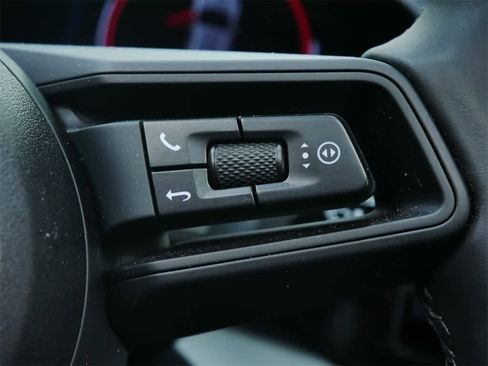 Used 2025 Porsche Macan 4 Electric image 23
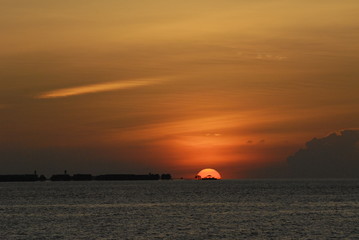 セレベス海の朝日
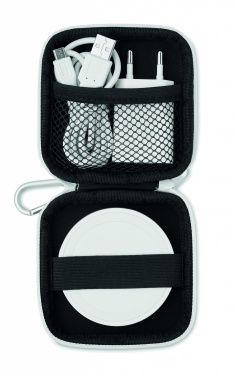 Logo trade firmakingi pilt: Juhtmeta laadija reisikomplekt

Problem to work on.
Output the data exactly as it is, with the pictures dropped.

Answer space.
 Used 2025 Porsche Macan 4 Electric image 23
 セレベス海の朝日
 Logo trade firmakingi pilt: Juhtmeta laadija reisikomplekt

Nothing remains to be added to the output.